• Task statement
Below is a listing. Return the lines from the one that contains "Aylesbury Paving Contractors" to the one that contains "Audi A4, 2011", both ends included, verbatim and with no pictures.

• Records supplied

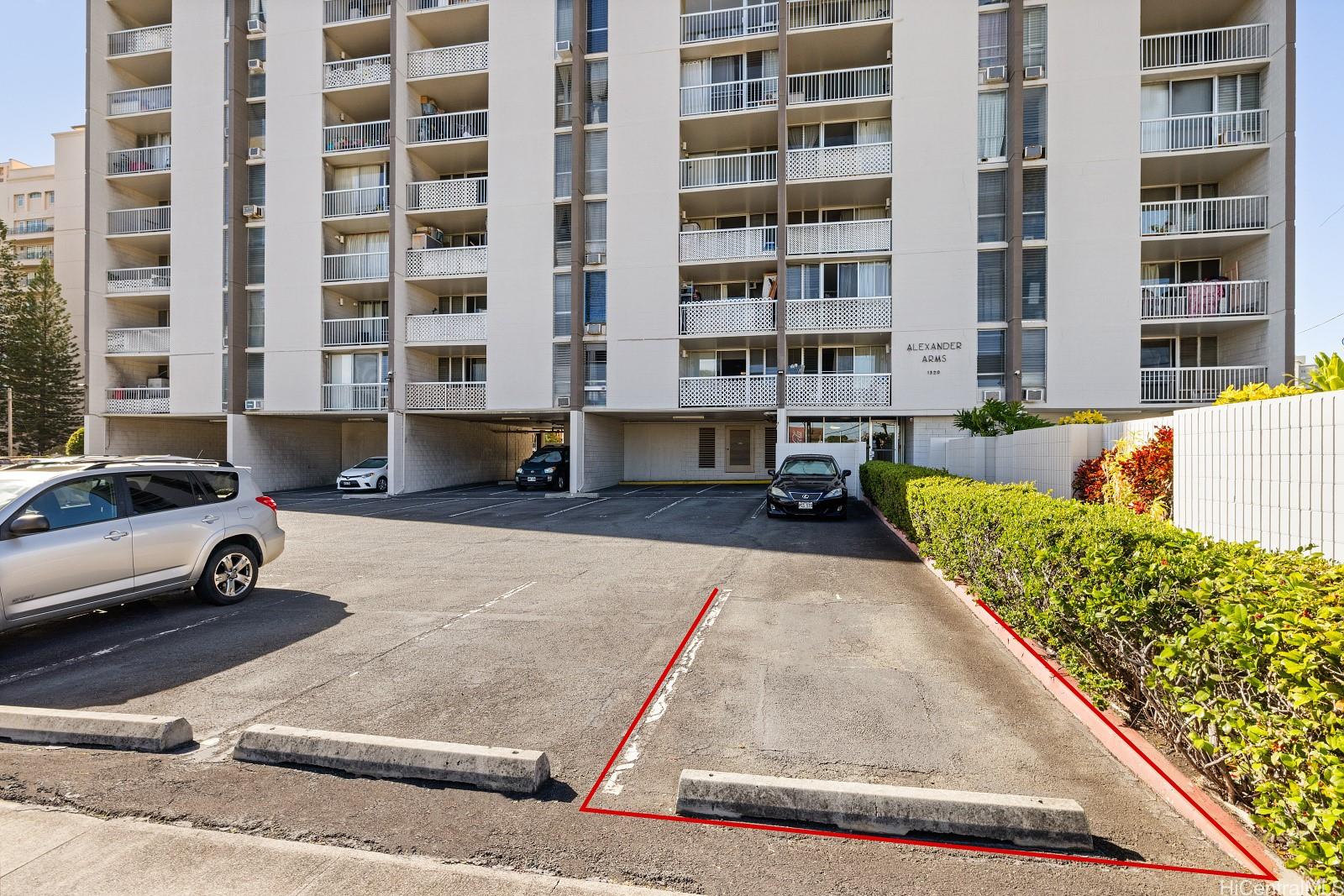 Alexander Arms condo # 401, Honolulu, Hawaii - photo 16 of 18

==

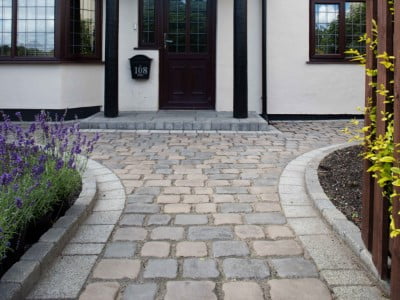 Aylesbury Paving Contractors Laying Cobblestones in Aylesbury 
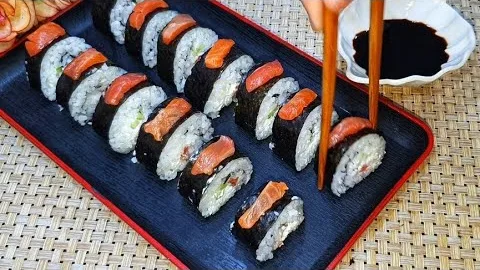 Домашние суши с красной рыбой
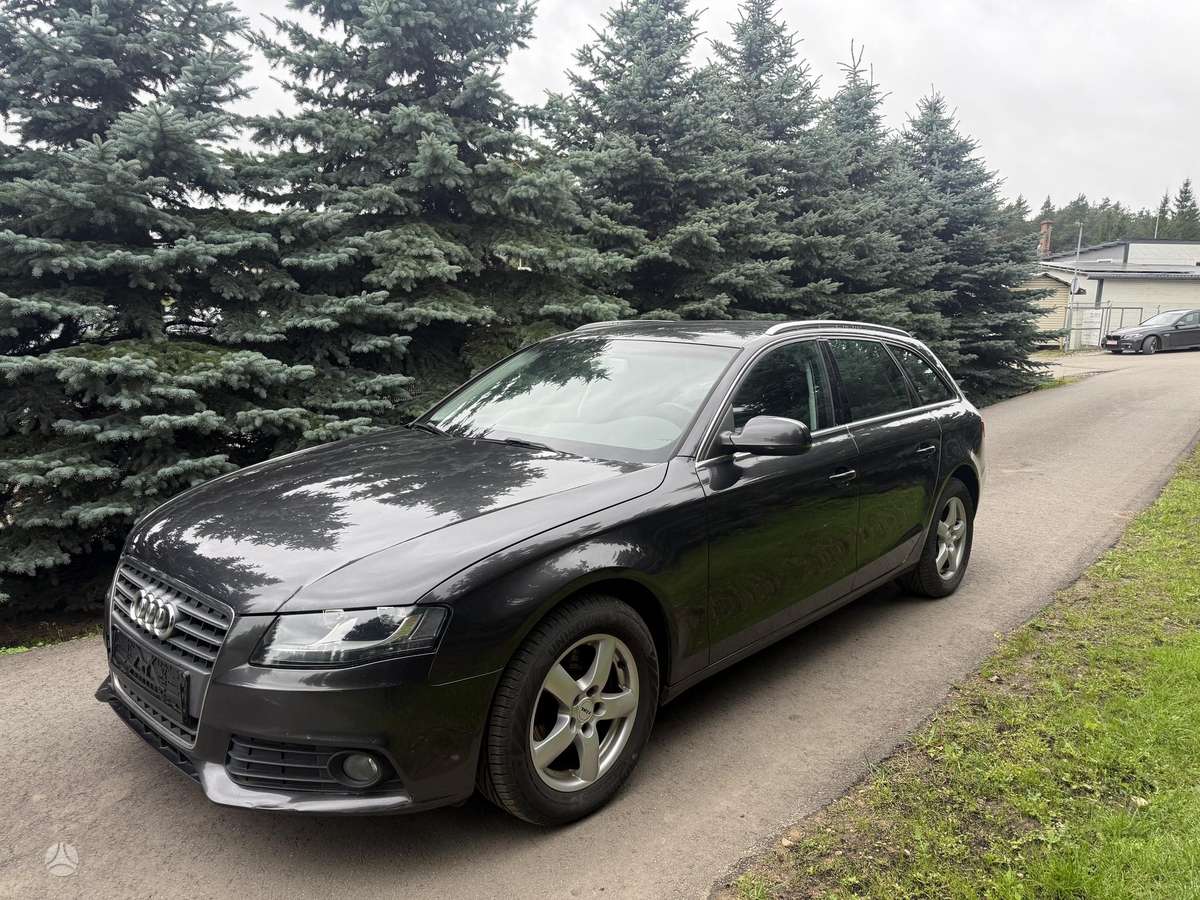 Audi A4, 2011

* * *

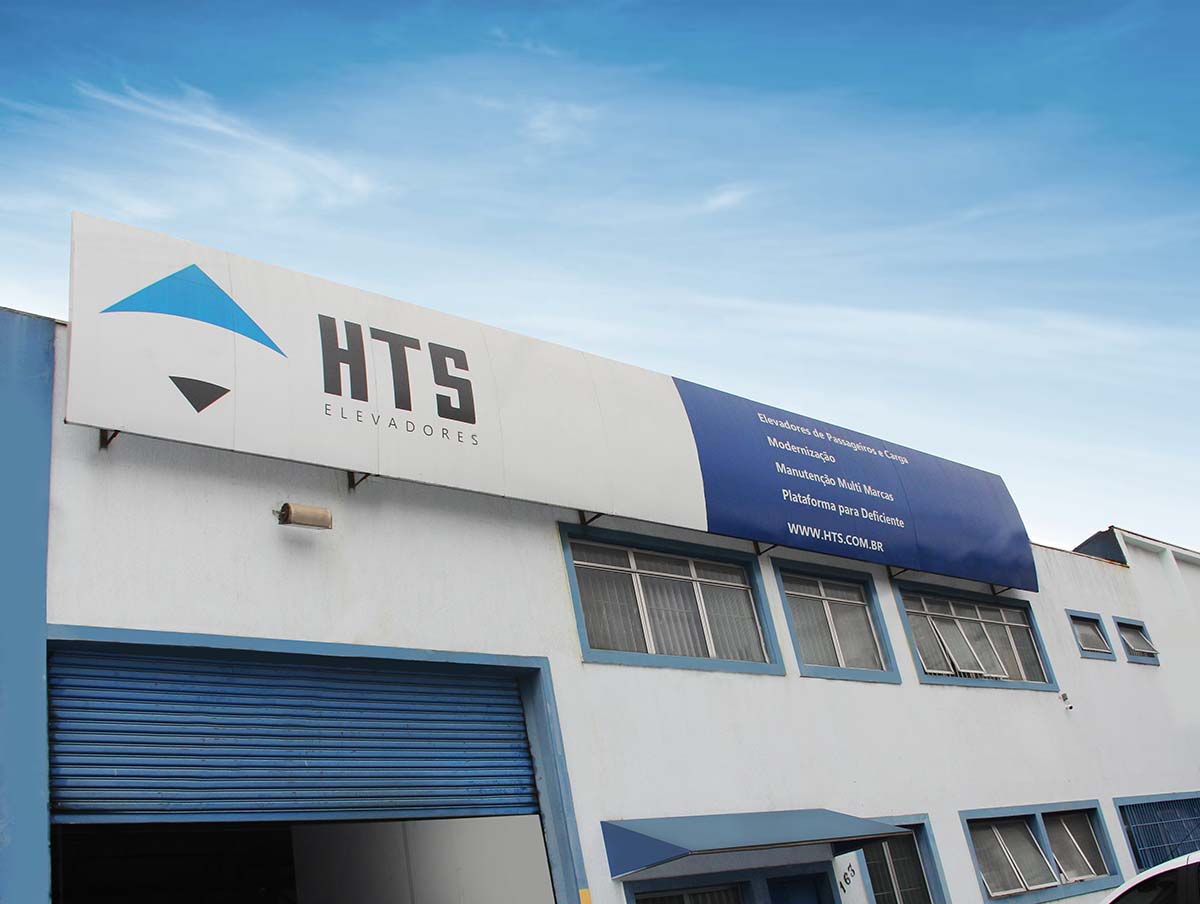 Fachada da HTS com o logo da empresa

• Response
 Aylesbury Paving Contractors Laying Cobblestones in Aylesbury 
 Домашние суши с красной рыбой
 Audi A4, 2011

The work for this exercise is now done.